Navarro observed that China’s economy grew from $1.4 trillion in 2001, the year it joined the WTO, to $12 trillion today, using a program of high tariffs, government subsidies, and regulatory barriers to foreign competition, while simultaneously defying the common Western assumption that economic engagement would lead to political liberalization.

“There’s also the Breitbart insight that corporate America was driving a lot of it, and they benefited from all the offshoring, and they didn’t really care much about the men and women in places like you grew up in, and who are the people that President Donald J. Trump represents,” he added.

Navarro argued that comparing the China threat today with the overinflated image of Japan as an unstoppable economic competitor in the 1980s is fallacious because Japan is an “island nation with very little territory and virtually no energy resources,” a situation entirely different from China’s vast size, huge population, and abundant resources.

“Japan was able to harness the labor and resources of Southeast Asia, and for a brief, shining moment it was a miracle,” he recalled. “What happened was simply that the dragons Japan was relying upon grew up around it and became economies of their own – Taiwan, Singapore, Hong Kong, others. Soon Japan basically saw the rising sun begin to set on their miracle.”

“China is a totally different entity,” he proposed. “It’s roughly the same size as the United States in land mass. It has five times as many people. It’s blessed with substantial energy resources. It has a lot of the key raw materials that are needed for these industries of the future, so it’s positioned well there. It’s not going to fall to the same fate as Japan.”

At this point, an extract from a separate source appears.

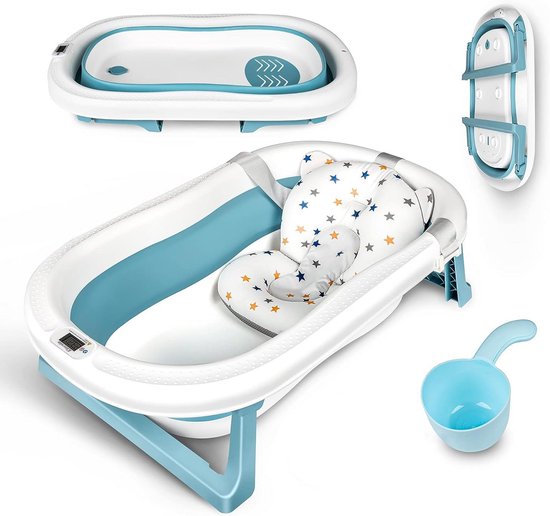 Baby badje met Standaard - Babybad Set Compleet - Voor Jongens en Meisjes - Babybadcomfort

“This is going to be a long run marathon,” Navarro anticipated, referring to Michael Pillsbury’s book The Hundred-Year Marathon: China’s Secret Strategy to Replace America as the Global Superpower.  

“China has gotten to the point where they’re industrialized, they’ve taken enough technology from us so that they’re a near-peer military competitor, so your children and their children are going to be engaged in this rivalry,” he said. “The only question is whether it can be peaceful and prosperous.”

“President Donald J. Trump thinks that the best way to make this a prosperous relationship, and a peaceful one, is to make it a fair and balanced one. We can’t keep letting China exploit the United States. We can’t let China keep transferring massive amounts of our wealth, factories, and jobs through these unfair trade practices they engage in. This is what these actions ultimately are about,” Navarro concluded.